## Assigned task:
In the listing below, find the line that contains "AS Roma - Cagliari" and the line that contains "Oregon's Darron Thomas". Quote both and every line between them, exactly, and nothing more.

### Records for processing

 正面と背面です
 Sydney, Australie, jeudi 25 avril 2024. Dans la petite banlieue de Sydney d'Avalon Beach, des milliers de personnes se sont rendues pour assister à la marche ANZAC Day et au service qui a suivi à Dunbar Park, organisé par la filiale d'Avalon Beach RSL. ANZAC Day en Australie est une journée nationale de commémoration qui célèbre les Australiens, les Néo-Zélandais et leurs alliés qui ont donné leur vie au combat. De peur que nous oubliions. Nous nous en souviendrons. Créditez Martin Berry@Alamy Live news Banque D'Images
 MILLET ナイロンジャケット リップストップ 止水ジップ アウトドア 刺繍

######
### Records for processing

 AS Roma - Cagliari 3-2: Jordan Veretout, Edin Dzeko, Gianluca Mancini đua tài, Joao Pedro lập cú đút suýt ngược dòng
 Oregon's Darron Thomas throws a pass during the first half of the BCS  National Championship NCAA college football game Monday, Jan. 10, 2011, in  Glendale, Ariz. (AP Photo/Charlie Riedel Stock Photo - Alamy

######

## Solved exercise:
 AS Roma - Cagliari 3-2: Jordan Veretout, Edin Dzeko, Gianluca Mancini đua tài, Joao Pedro lập cú đút suýt ngược dòng
 Oregon's Darron Thomas throws a pass during the first half of the BCS  National Championship NCAA college football game Monday, Jan. 10, 2011, in  Glendale, Ariz. (AP Photo/Charlie Riedel Stock Photo - Alamy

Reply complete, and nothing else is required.